Katharina Fegebank will Hamburg künftig als Erste Bürgermeisterin regieren. Im Interview mit t-online spricht die Grünen-Politikerin über ihre Lieblingsorte, das Ampel-Aus und Abschiebungen.
Seit zehn Jahren regiert Katharina Fegebank mit den Grünen Hamburg bereits als Juniorpartnerin an der Seite der SPD. Erst war Olaf Scholz Bürgermeister, seit 2018 ist es Peter Tschentscher. Wenn am 2. März um 18 Uhr die erste Prognose zur Bürgerschaftswahl kommt, will die 47-Jährige mit ihrer Partei die Nummer 1 der Stadt sein.
Was unter ihrer Führung anders laufen würde, was sie an der rot-grünen Koalition schätzt, wie schwierig der Doppelwahlkampf in diesem Winter ist, wann Abschiebungen auch für die Grünen notwendig sind und ob sie sich vor Elon Musk fürchtet, darüber hat Katharina Fegebank im Interview mit t-online gesprochen.
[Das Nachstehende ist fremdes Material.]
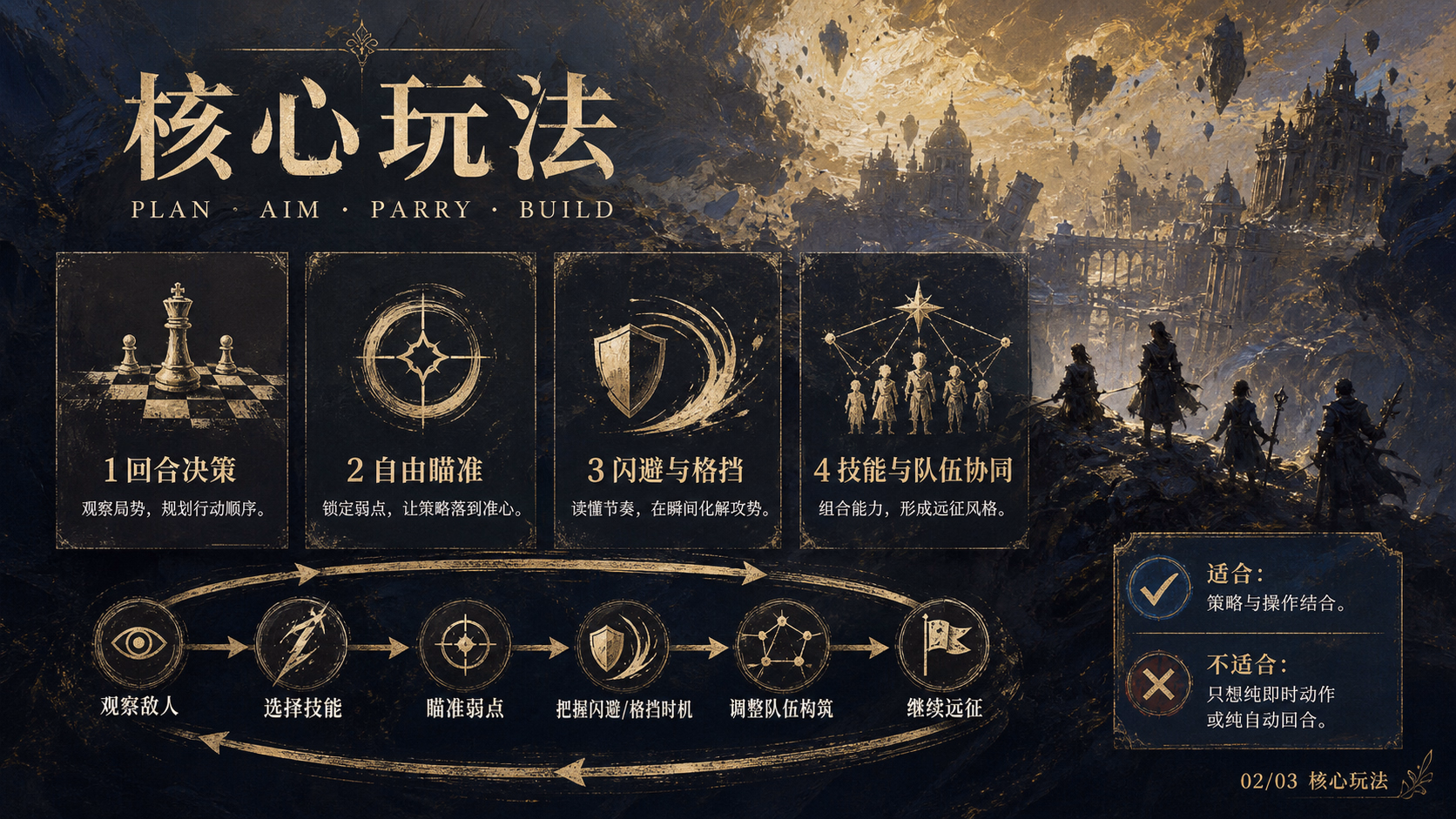 克莱尔·奥布斯克：第 33 次远征：核心玩法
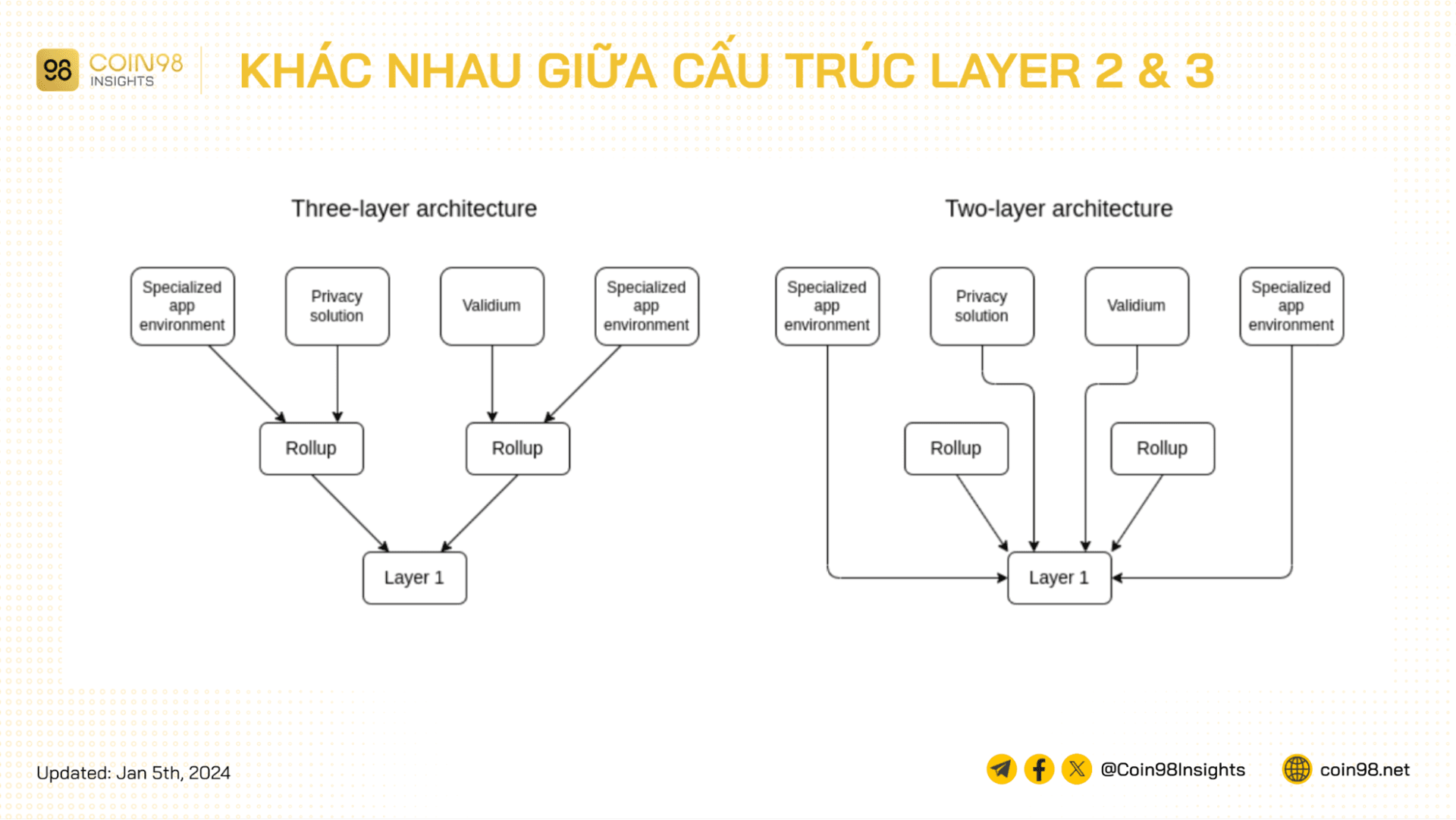 cấu trúc layer 2 và layer 3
t-online: Frau Fegebank, mal angenommen, Sie wären Touristenführerin: Welche drei Orte in Hamburg empfehlen Sie, um die Stadt kennenzulernen?
Katharina Fegebank: Die Elbe ist ein absoluter Sehnsuchtsort für mich, weil sie die Lebensader der Stadt ist und gleichzeitig für Freiheit steht. Den Ohlsdorfer Friedhof finde ich beeindruckend: Es ist der größte Parkfriedhof der Welt und er strahlt für mich das Grüne in einer hochverdichteten Industriemetropole aus. Als dritten Ort nehme ich die Science City in Bahrenfeld. Dort treffen sich Tausende internationale Wissenschaftler, um gemeinsam an den Ideen von morgen zu arbeiten. Für mich ist das ein faszinierender Zukunftsort, den jeder gesehen haben sollte.
Der Slogan Ihrer Kampagne lautet "Herz. Verstand. Fegebank". Was genau wollen Sie damit ausdrücken?
Herz und Verstand ist der Ansatz, mit dem wir Grünen in den vergangenen zehn Jahren Hamburg mitregiert und mitgestaltet haben: Nah dran an den Menschen und ihren Themen, gleichzeitig packen wir Dinge mit Leidenschaft, kühlem Kopf und klaren Ideen an.
Wie würde eine Bürgermeisterin mit Herz und Verstand Hamburg führen?
Sehr nah an den Menschen und mit ihnen auf Augenhöhe. Ich traue den Hamburgerinnen und Hamburgern mehr zu und würde mit ihnen die Zukunft unserer Stadt gestalten. Gleichzeitig würde ich zeigen: Auf uns können sich die Menschen verlassen, uns können sie vertrauen. Wir würden auch weiterhin keine Zeit mit Streit und Eitelkeit verlieren, wir machen. Das ist unsere Verpflichtung für die Stadt.
SPD und Grüne regieren Hamburg jetzt seit 2015. Woran liegt das, dass Ihre Parteien in Hamburg so geräuschlos zusammenarbeiten?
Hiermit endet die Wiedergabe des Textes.